Aim of the task
Please repeat each line below exactly, with no images in the copy.

Stored data
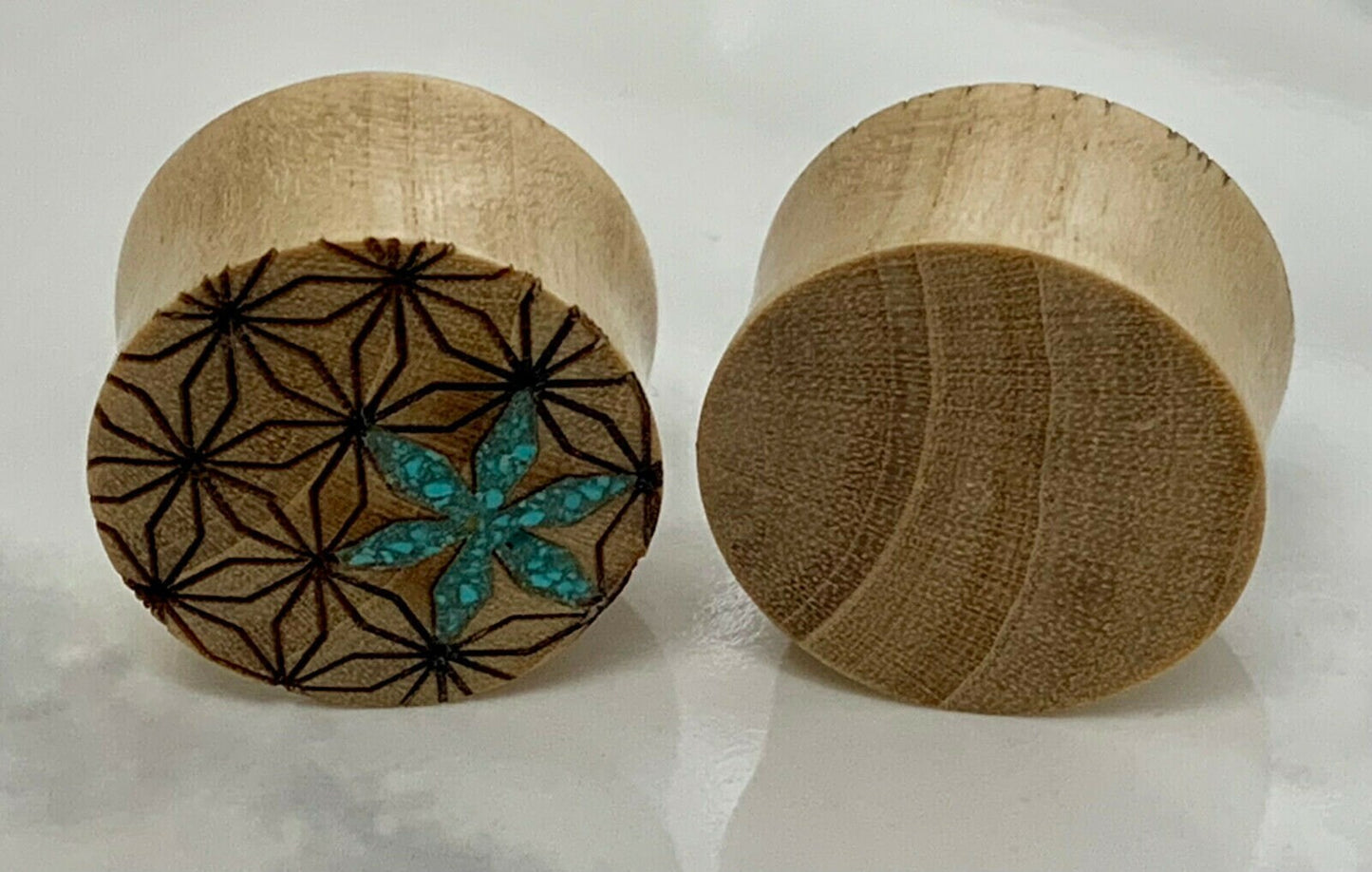 PAIR of Unique Crushed Turquoise Flower of Life Blonde Crocodile Wood Saddle Plugs - Gauges 0g (8mm) up to 7/8" (22mm) available!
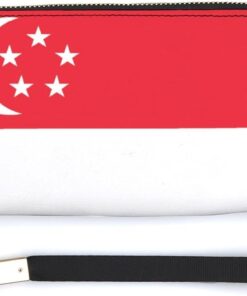 Singapore Flag Long Purse with Removable Wristlet Stylish PU Leather Zipper Wallet for Women Men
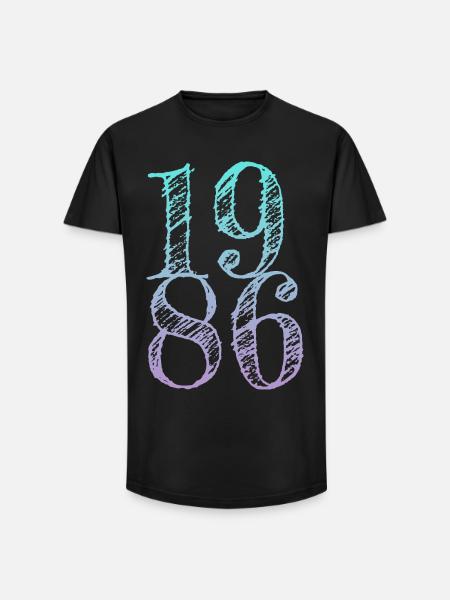 Millésime 1986 - T-shirt coupe longue homme - noir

Exercise result
 PAIR of Unique Crushed Turquoise Flower of Life Blonde Crocodile Wood Saddle Plugs - Gauges 0g (8mm) up to 7/8" (22mm) available!
 Singapore Flag Long Purse with Removable Wristlet Stylish PU Leather Zipper Wallet for Women Men
 Millésime 1986 - T-shirt coupe longue homme - noir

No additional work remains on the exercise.